Working data |
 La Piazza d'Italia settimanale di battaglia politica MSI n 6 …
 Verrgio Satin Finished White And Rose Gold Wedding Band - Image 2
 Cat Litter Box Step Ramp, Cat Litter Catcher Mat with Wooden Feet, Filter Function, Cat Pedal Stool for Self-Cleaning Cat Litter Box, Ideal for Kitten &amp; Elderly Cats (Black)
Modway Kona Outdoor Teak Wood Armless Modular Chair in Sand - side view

* * *

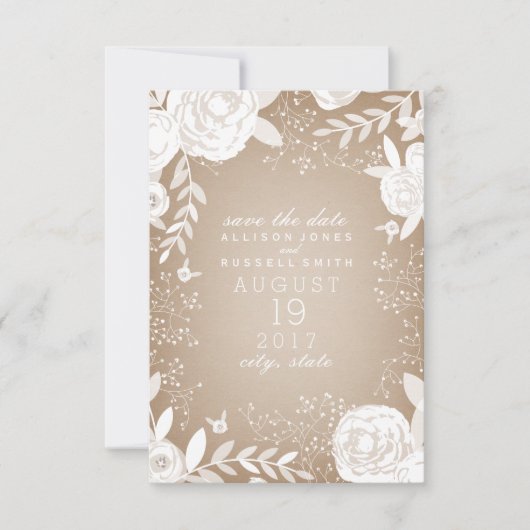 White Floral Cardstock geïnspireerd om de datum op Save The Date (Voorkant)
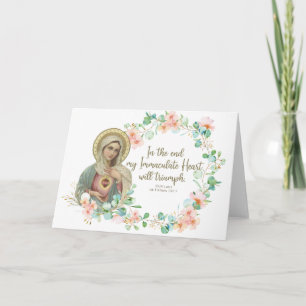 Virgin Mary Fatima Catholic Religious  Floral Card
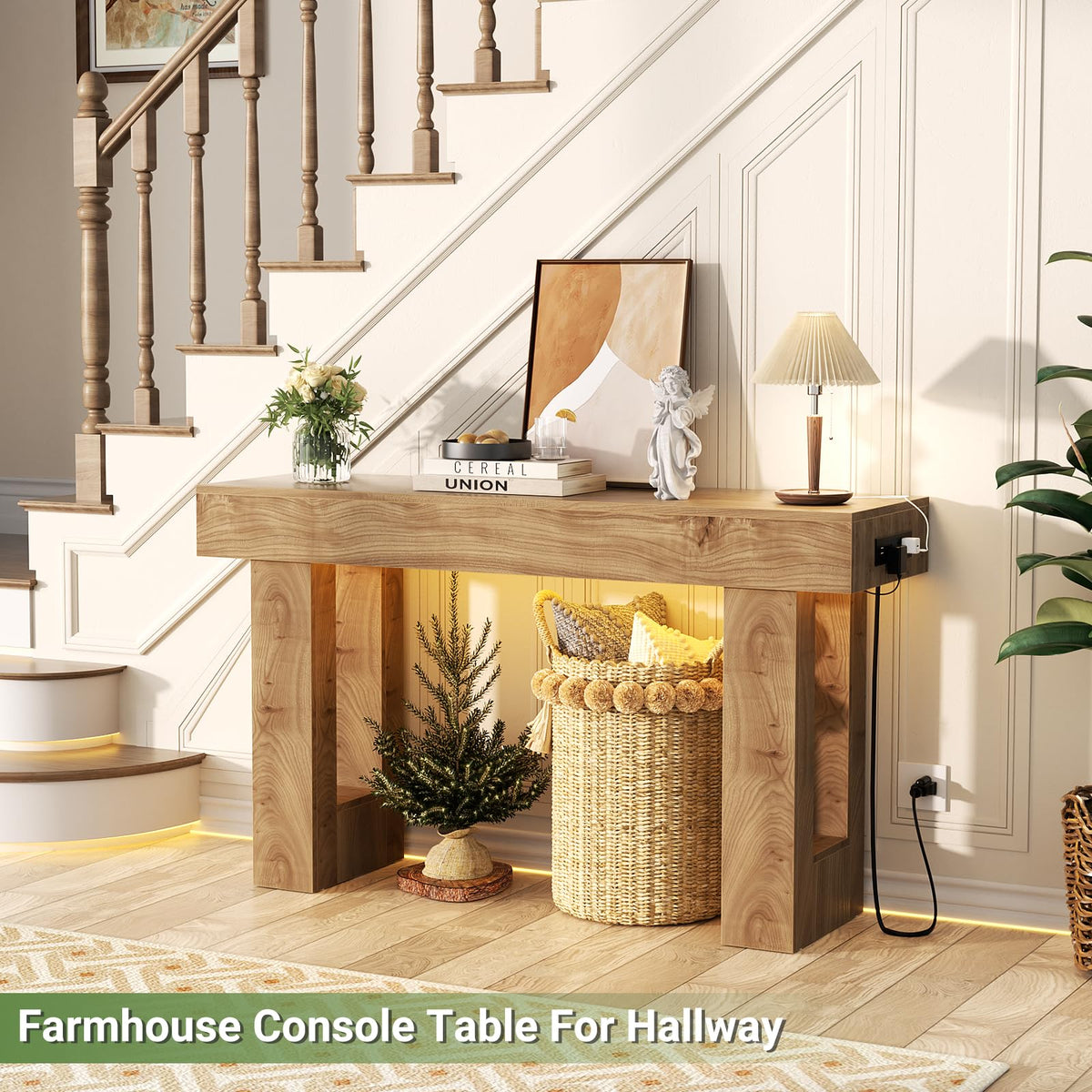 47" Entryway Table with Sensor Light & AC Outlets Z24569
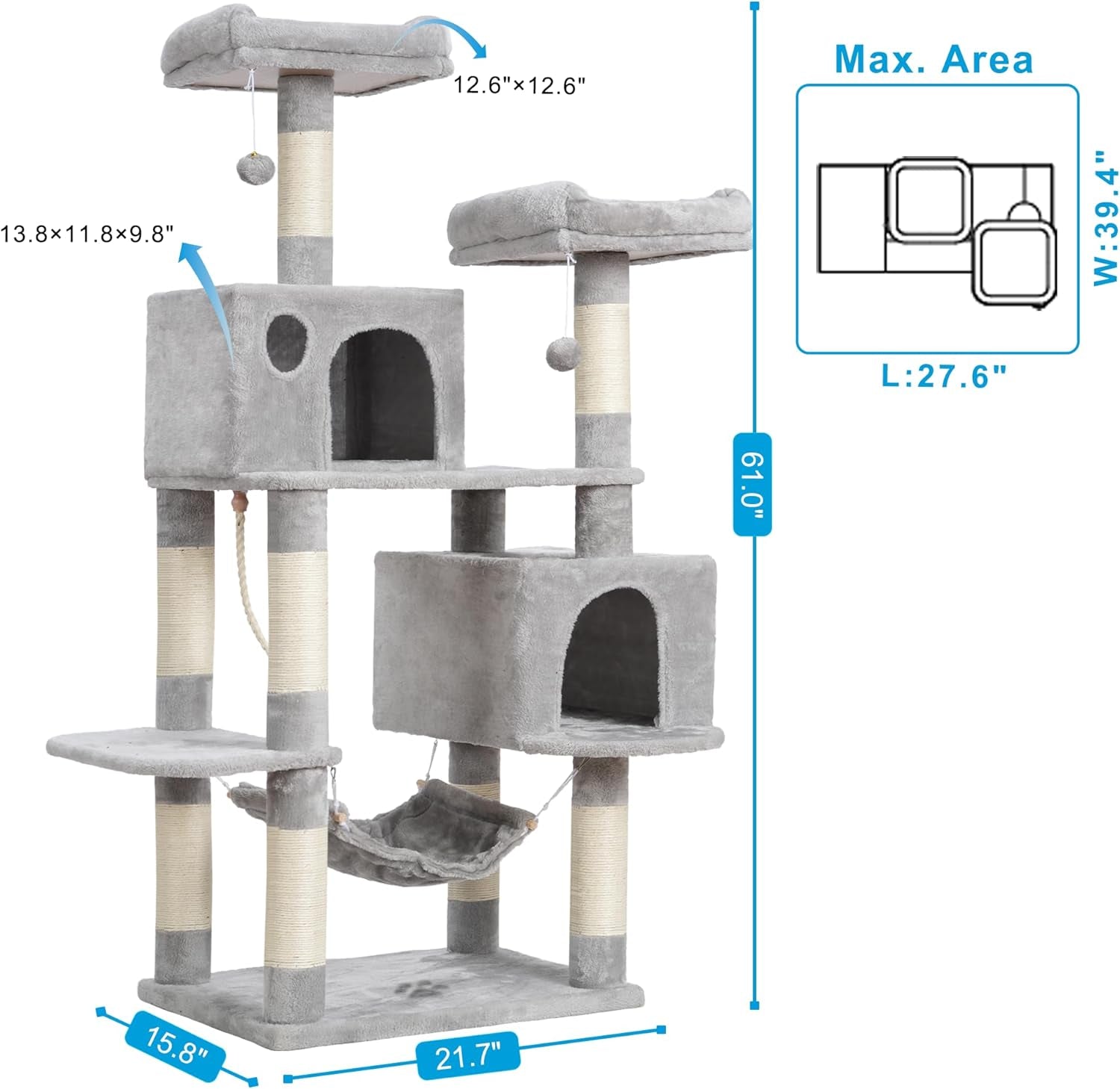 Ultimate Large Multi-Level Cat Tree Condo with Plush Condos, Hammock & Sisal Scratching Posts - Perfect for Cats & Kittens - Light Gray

---

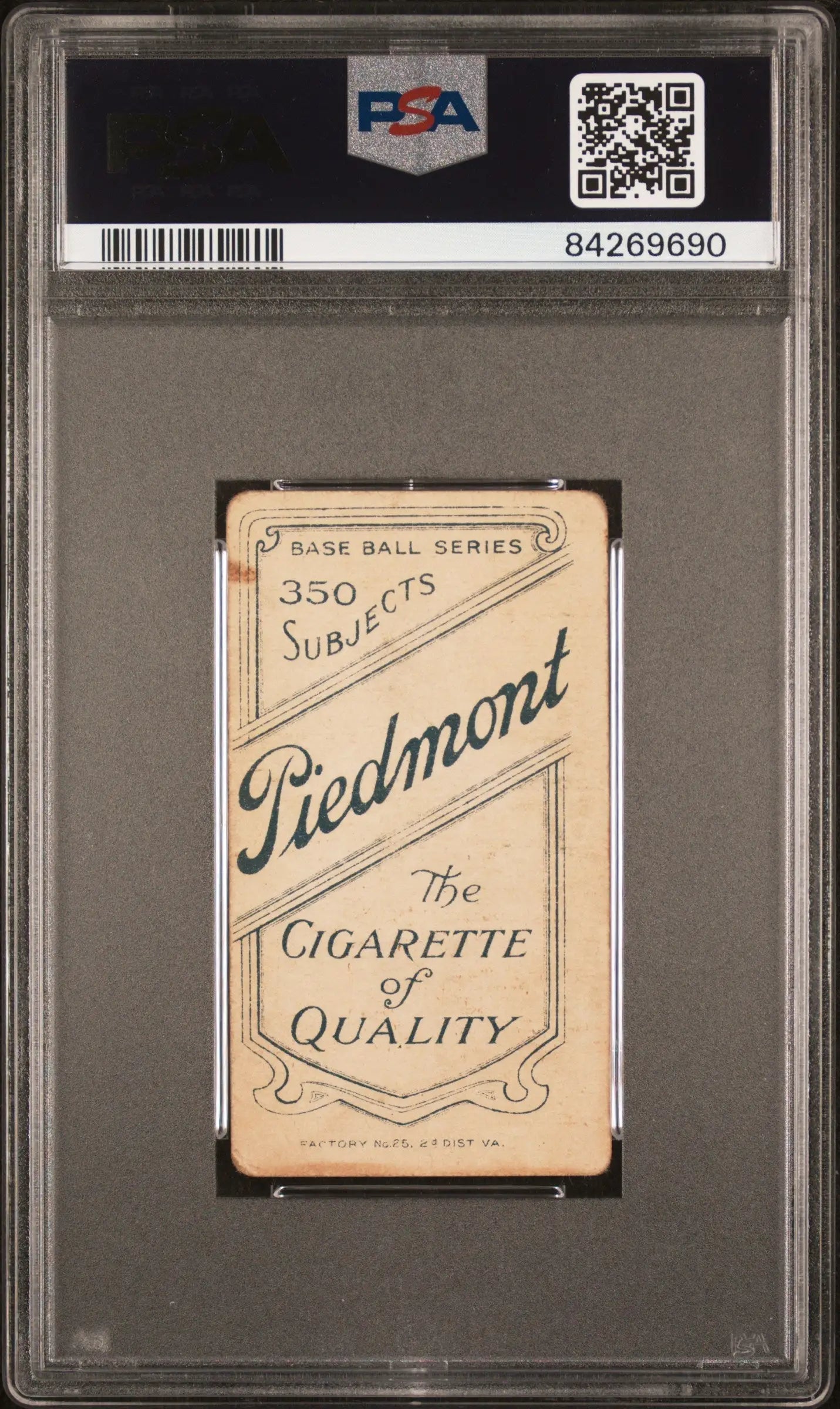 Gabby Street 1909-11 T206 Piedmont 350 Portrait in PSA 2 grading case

What you should do | Once the line with "La Piazza d'Italia" is found in the records above, print exactly that line and every line after it through the line with "Cat Litter Box Step".

Your solution |
 La Piazza d'Italia settimanale di battaglia politica MSI n 6 …
 Verrgio Satin Finished White And Rose Gold Wedding Band - Image 2
 Cat Litter Box Step Ramp, Cat Litter Catcher Mat with Wooden Feet, Filter Function, Cat Pedal Stool for Self-Cleaning Cat Litter Box, Ideal for Kitten &amp; Elderly Cats (Black)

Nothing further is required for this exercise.